A new report condemns the United States' single-minded focus on Daesh, saying the policy is misguided. "Any strategy that leaves Jabhat al-Nusra in place will fail to secure the American homeland," said the Institute for The Study of War and American Enterprise Institute.
Islamic State and al-Nusra attacks could threaten the global economy and provoke "Western societies to impose severe controls on... freedoms and civil liberties," warns the report, which claims that "American values and way of life" are in danger.
Jabhat al-Nusra hasn't undertaken attacks in the West unlike Islamic State, says Fred Kagan, one of the authors of the report. He believes al-Nusra has made a tactical decision not to attack the West for the time being.

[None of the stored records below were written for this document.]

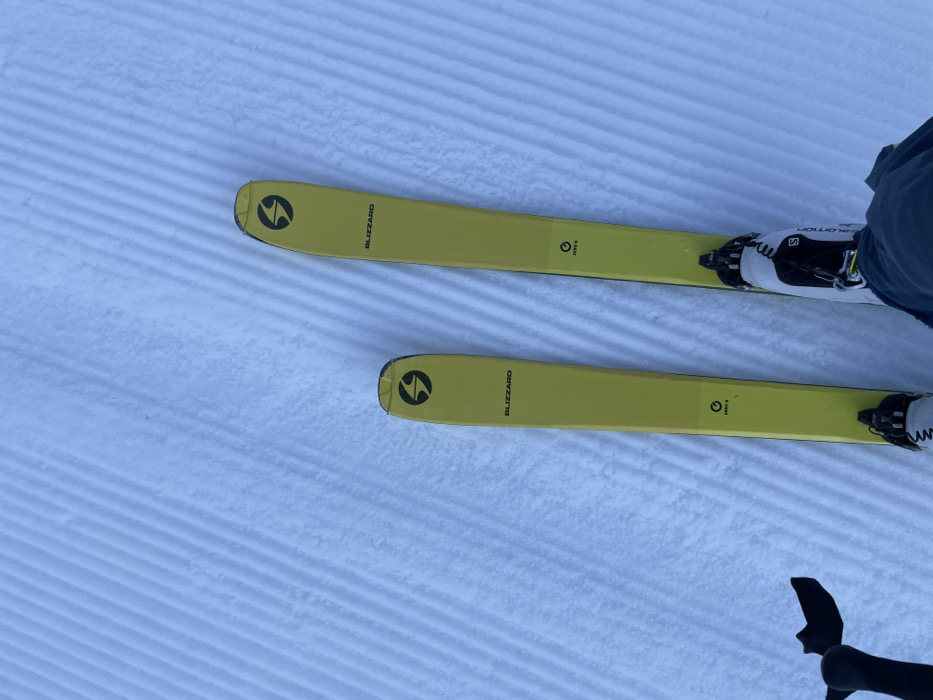 A first-person view depicts a skier's bright yellow Blizzard Zero G skis and Salomon ski boots on a meticulously groomed, ridged snow slope in Vallorcine, France. The skis are parallel, with bindings securing the boots. A partial black ski pole grip is visible in the lower-left, and the skier's dark blue pant leg is seen at the bottom center. The snow is pristine, showing distinct parallel corduroy patterns indicative of recent grooming.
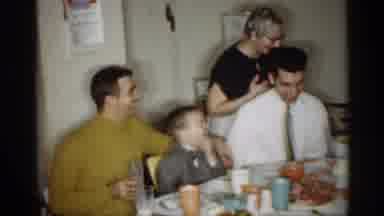 Indiana (1959): Family Of Six Eating Dinner At Table Older Lady Kisses Young Man A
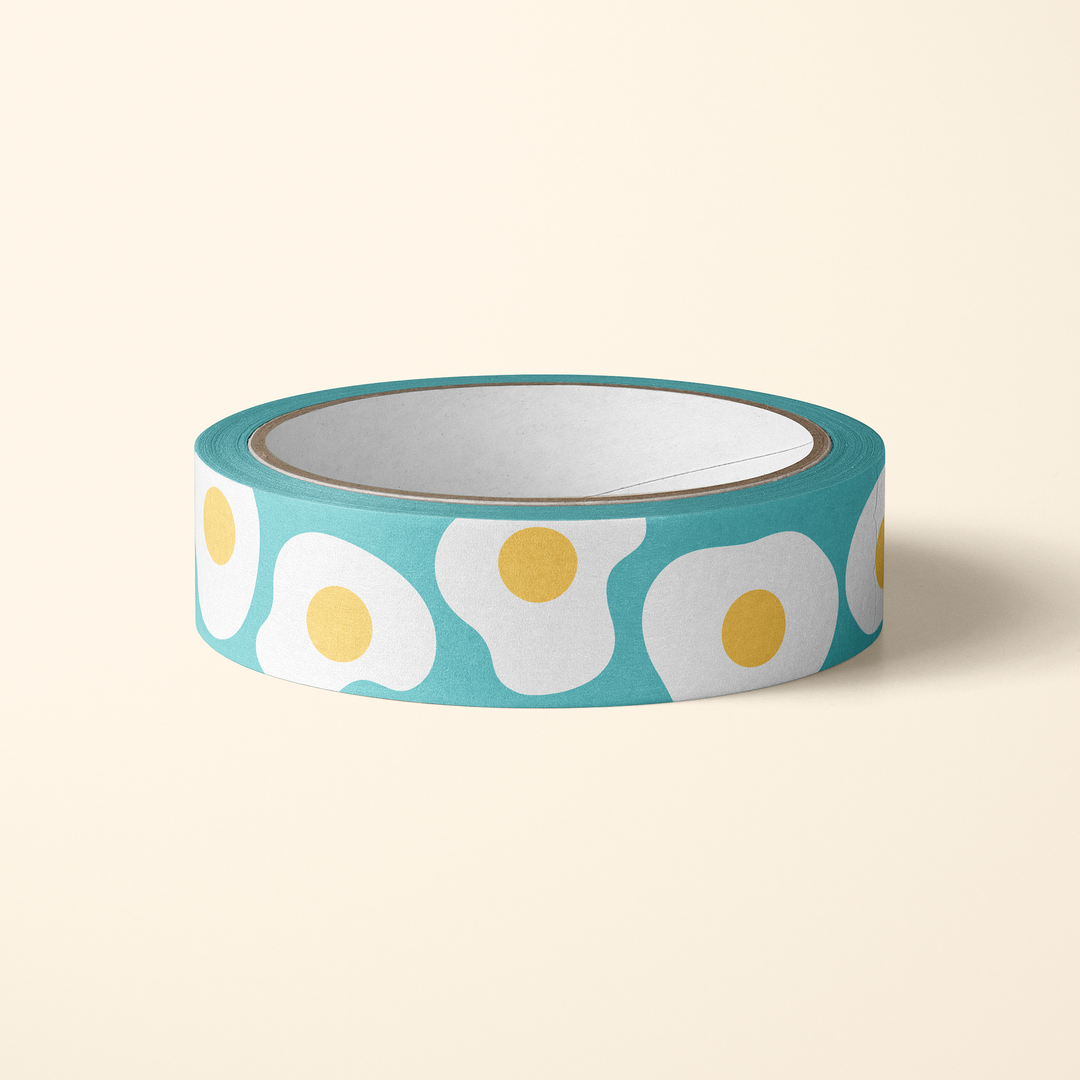 Roll of decorative tape with fried egg design on a beige background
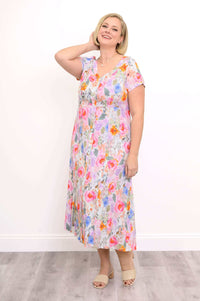 Model posing in the floral dress with hand behind neck, showing neckline and buttons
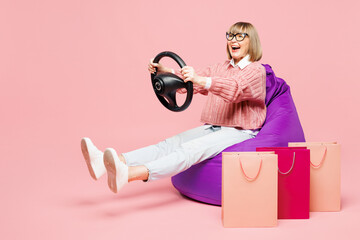 Full body elderly young woman wears casual clothes hold package bags after shopping sit in bag chair, steering wheel driving car isolated on plain pink background. Black Friday sale buy day concept.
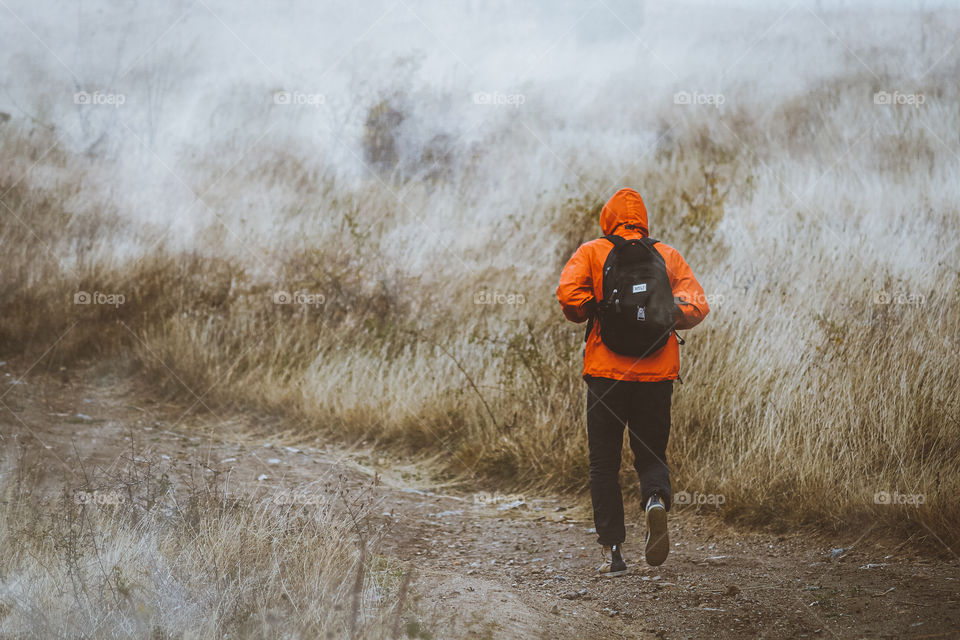 Man walking in road in cold mist weather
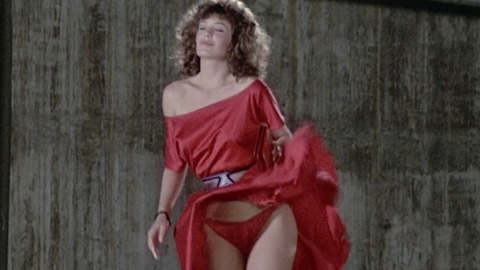 Kelly LeBrock in The Woman in Red (1984) Sexy Underwear Curly Hair Dress Blowing Up 744975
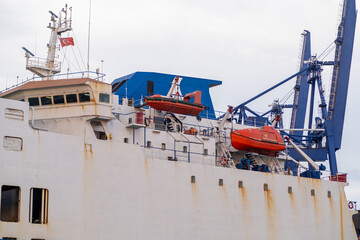 Bosphorus port activity featuring a cargo ship and loading equipment at twilight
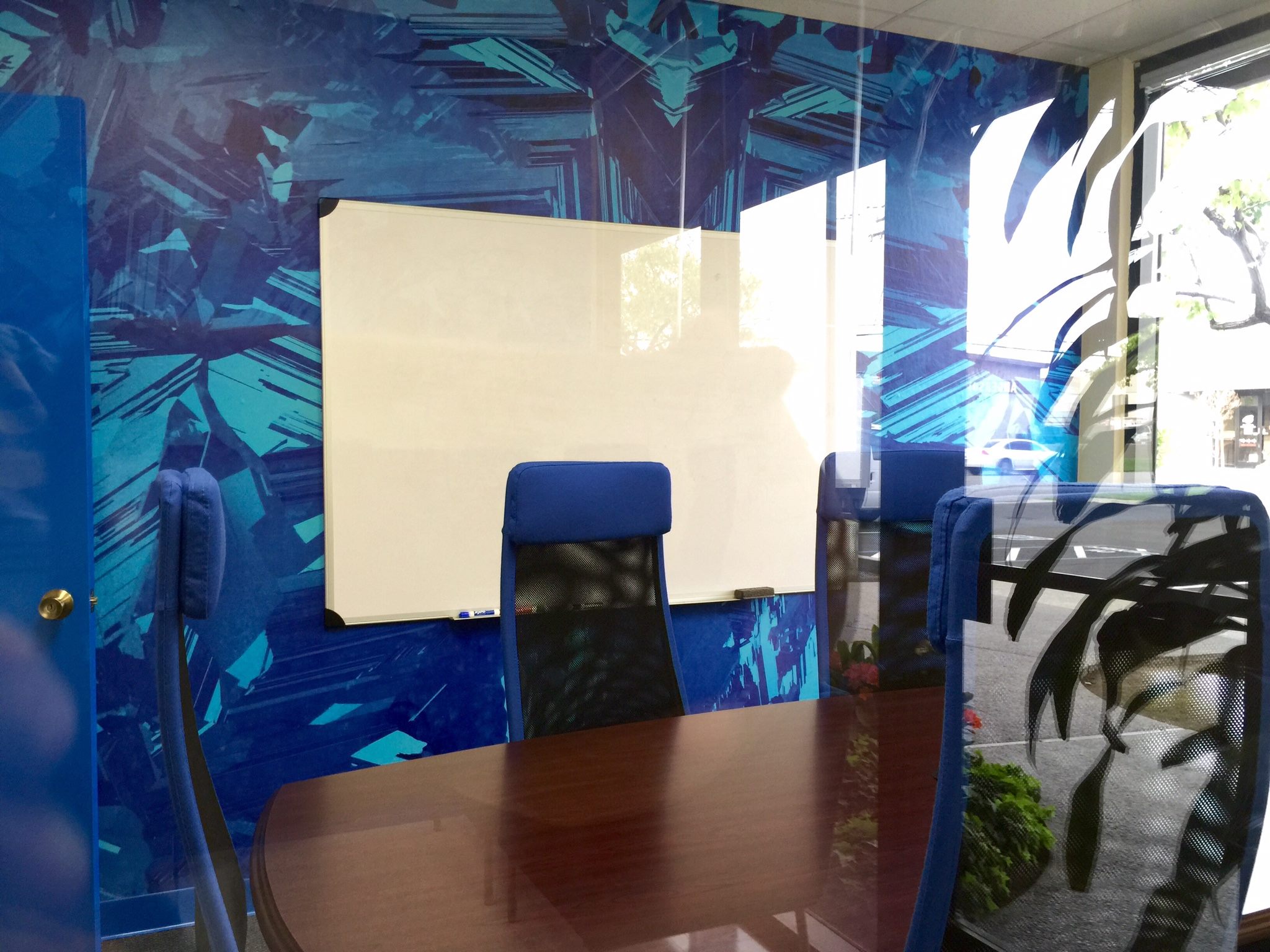 Gridtential meeting room completed makeover from bland white walls.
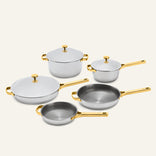 Titanium Pro Cookware Set+ featuring five stainless steel pieces with gold-toned handles and lids, including two lidded pots, two frying pans, and a deep skillet.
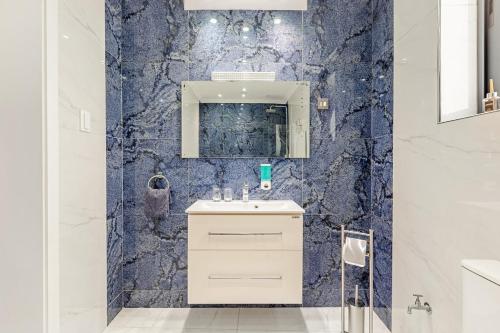 a bathroom with a sink and a blue wall at Azure Apartment in Senglea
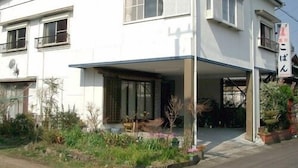 Un edificio de dos pisos con un porche cubierto, una antena parabólica y un letrero con caracteres japoneses.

"While Isis is flashier... both represent an existential threat, both wish to attack the homeland, both seek the mobilisation of Muslim communities against the West," he said.
However, the Director of National Intelligence James Clapper told the Senate intelligence committee in January 2014 that al-Nusra "does have aspirations for attacks on the homeland."
Al Qaeda's Syrian branch represents a longer-term and more tenacious threat than Isis and that targeting al-Nusra would be more difficult than targeting Islamic State.
"Al-Nusra is quietly intertwining itself with the Syrian population and Syrian opposition... They are waiting in the wings to pick up the mantle of global jihad once Isis falls," he said.
The key findings of the report state that the Syrian al Qaeda affiliate Jabhat al Nusra poses one of the most significant long-term threats. The Islamic militant group has established an expansive network of partnerships with local opposition affiliates that are fiercely loyal to the jihadist organisation. Jabhat al Nusra's destruction is one of the highest priorities to defend the United States and Europe from al Qaeda attacks.
The US State Department says over 35,000 foreign fighters from 100 countries have crossed into Syria to take part in the bloody conflict. The al-Nusra Front attracts the second-highest amount of foreign fighters, ranking only behind Islamic State, according to Nick Heras of the Centre for a New American Security.